Hi,

On Mon, 9 Mar 2026 at 21:25, Nathan Bossart <[email protected]> wrote:
>
> On Wed, Mar 04, 2026 at 06:15:53PM +0300, Nazir Bilal Yavuz wrote:
> > +#ifndef USE_NO_SIMD
> > +static bool CopyReadLineTextSIMDHelper(CopyFromState cstate, bool is_csv,
> > +                                                                        
> > bool *temp_hit_eof, int *temp_input_buf_ptr);
> > +#endif
>
> Should we inline this, too?

I think there is no need to inline this function. In the previous
version, SIMD code was in the main for loop which loops for every
character in the data. This means there was branching for every
character in the data. In the current version, SIMD code is outside of
this loop so there is no branching.


> > +                             /*
> > +                              * Do not disable SIMD when we hit EOL or EOF 
> > characters. In
> > +                              * practice, it does not matter for EOF 
> > because parsing ends
> > +                              * there, but we keep the behavior consistent.
> > +                              */
> > +                             if (!(simd_hit_eof || simd_hit_eol))
> > +                                     cstate->simd_enabled = false;
>
> nitpick: I would personally avoid disabling it for EOF.  It probably
> doesn't amount to much, but I don't see any point in the extra
> complexity/work solely for consistency.

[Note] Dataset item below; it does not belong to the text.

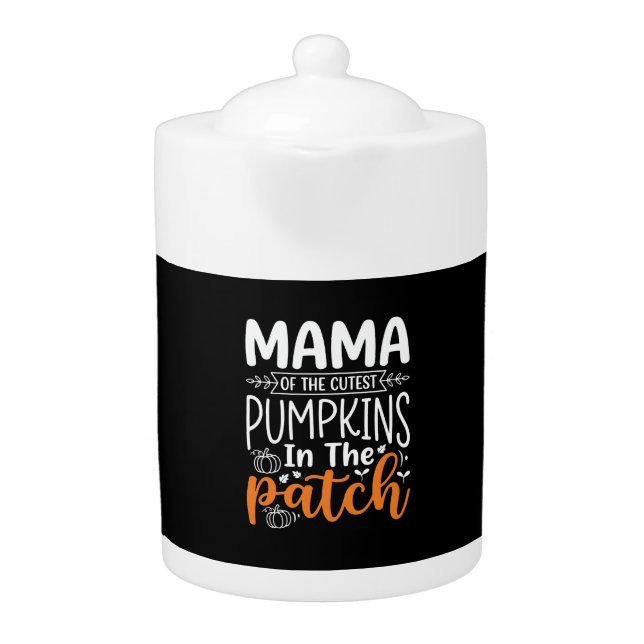 Mama Pumpkins Patch Halloween Design_1 Teapot (Front)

Done. I thought that was a small change but this removed more
complexity than I thought.


>
> > +                             /*
> > +                              * We encountered a EOL or EOF on the first 
> > vector. This means
> > +                              * lines are not long enough to skip fully 
> > sized vector. If
> > +                              * this happens two times consecutively, then 
> > disable the
> > +                              * SIMD.
> > +                              */
> > +                             if (first_vector)
> > +                             {
> > +                                     if (cstate->simd_failed_first_vector)
> > +                                             cstate->simd_enabled = false;
> > +
> > +                                     cstate->simd_failed_first_vector = 
> > true;
> > +                             }
>
> The first time I saw this, my mind immediately went to the extreme case
> where this likely regresses: alternating long and short lines.  We might
> just want to disable it the first time we see a short line, like we do for
> special characters.  This is another thing that we can improve
> independently later on.

I agree with you, done.


>
> > +     /* First try to run SIMD, then continue with the scalar path */
> > +     if (cstate->simd_enabled)
> > +     {
> > +             int                     temp_input_buf_ptr = input_buf_ptr;
> > +             bool            temp_hit_eof = false;
> > +
> > +             result = CopyReadLineTextSIMDHelper(cstate, is_csv, 
> > &temp_hit_eof,
> > +                                                                           
> >           &temp_input_buf_ptr);
> > +             input_buf_ptr = temp_input_buf_ptr;
> > +             hit_eof = temp_hit_eof;
>
> Given CopyReadLineTextSIMDHelper() doesn't have too much duplicated code,
> moving the SIMD stuff to its own function is nice.  The temp variables seem
> a bit too magical to me, though.  If those really make a difference, IMHO
> there ought to be a big comment explaining why.

I added a comment, please let me know if you wouldn't like it.


--
Regards,
Nazir Bilal Yavuz
Microsoft
From de695aaf5c7ceeb4f62d2352fabbb111047a4434 Mon Sep 17 00:00:00 2001
From: Nazir Bilal Yavuz <[email protected]>
Date: Wed, 4 Mar 2026 17:28:54 +0300
Subject: [PATCH v12] Speed up COPY FROM text/CSV parsing using SIMD

COPY FROM text and CSV parsing previously scanned the input buffer
one byte at a time looking for special characters (newline, carriage
return, backslash, and in CSV mode, quote and escape characters).
This patch adds a SIMD-accelerated fast path that processes a full
vector-width chunk per iteration, significantly reducing the number
of iterations needed on inputs with long lines.

A new helper function, CopyReadLineTextSIMDHelper(), loads chunks
of the input buffer into vector registers and checks for any special
characters using SIMD comparisons. When no special characters are
found, the entire chunk is skipped at once. When a special character
is found, the helper advances to that position and hands off to the
existing scalar code to handle it correctly.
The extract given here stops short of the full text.